Starts at 1:00 so get the a little earlier. It's more of a Presentaion and FOOD with heat set ups and running for Top Qualifier Bragging! Plaques for 2nd to 10th so if you think you made one of those then come have some fun, Eat and run a few rounds controlled.


----------



## ballou (Jan 16, 2006)

going to be there bright and early sunday morn


----------



## backdraft341 (Dec 19, 2005)

anyone know of a opening time sunday?


----------



## ddcarter3 (Jan 1, 2005)

Spoke with Dave C. He said he would be there around 10am Sunday to start at 1pm finish by 4pm.


----------



## backdraft341 (Dec 19, 2005)

I had a blast.Had fun racing with you lyn.THANKS TO RANDY FOR PUTTING THIS ON.PRO SERIES COMING UP THIS WEEKEND..........TRAVIS ZIPPS


----------



## Bigmax (Jul 21, 2004)

*Good Job Travis!*

You keep improving and I will be able to say I knew him when!!! Proud to race with you!

Thank you RANDY! K&M! WAYNE! DAVE! And ALL MY BUDS for making it FUN for ME!!!!!


----------



## ddcarter3 (Jan 1, 2005)

Same here.....I think my son will start coming back. At least some of the time.
Thanks again.
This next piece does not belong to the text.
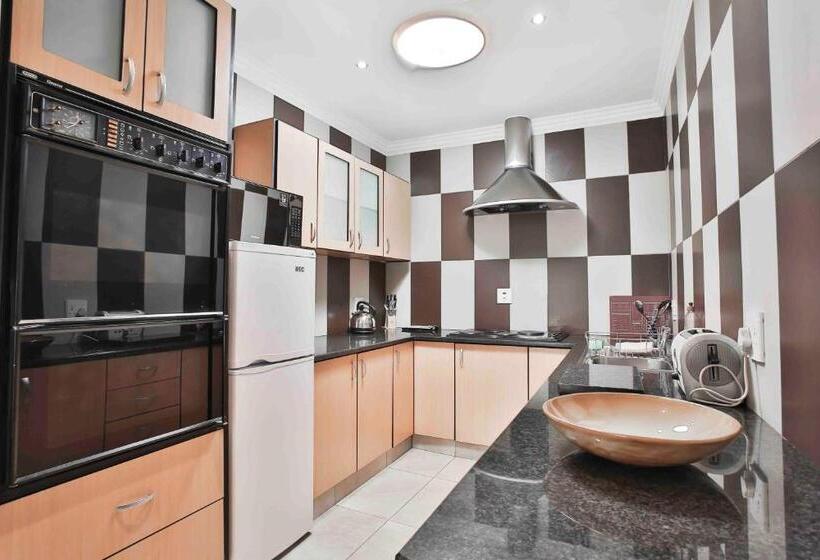 スイート, Accommodation At Vans Self Catering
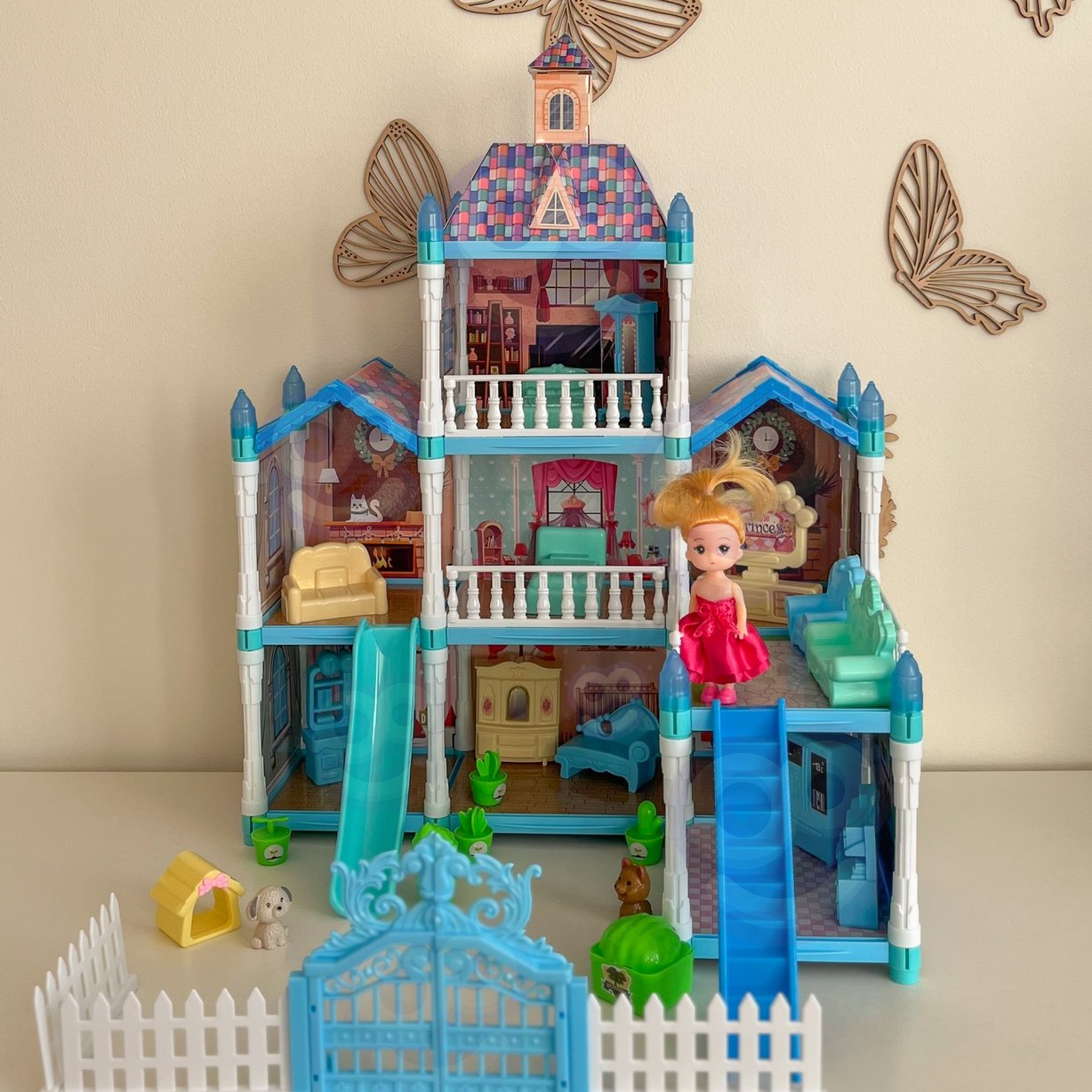 Trzypiętrowy Domek dla Lalek Zimowy Ogród z Lalką i Świecącymi Dekoracjami 191 el. WOOPIE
Nice trophy girl too.


----------



## insaneracin2003 (Feb 22, 2006)

i wanted to say that is was nice to meet you Ron,i got to put a face with the Maniac Leeeever Puller,hope ya get the xxxnt runnin so we can get to race a lil bit.i will be runnin the pro series this weekensd at K&M so wish me luck in stock truck and mod truck.....should be very interesting........


----------



## backdraft341 (Dec 19, 2005)

good luck paul .i'll be there to cheer you on.might bring my little brothers stampede.(he's starting to catch up to me!).just wanted to thank lyn,paul and ray for pushing me to do better.U GUYS RULE!!!.....TRAVIS Z.


----------



## Dave c. (Jan 14, 2006)

Congrats to all the TRACK CHAMPIONS in each class.
A big Way to Go to......Travis....Novice class champ,
and youngest Team Ritch's Brew member.


----------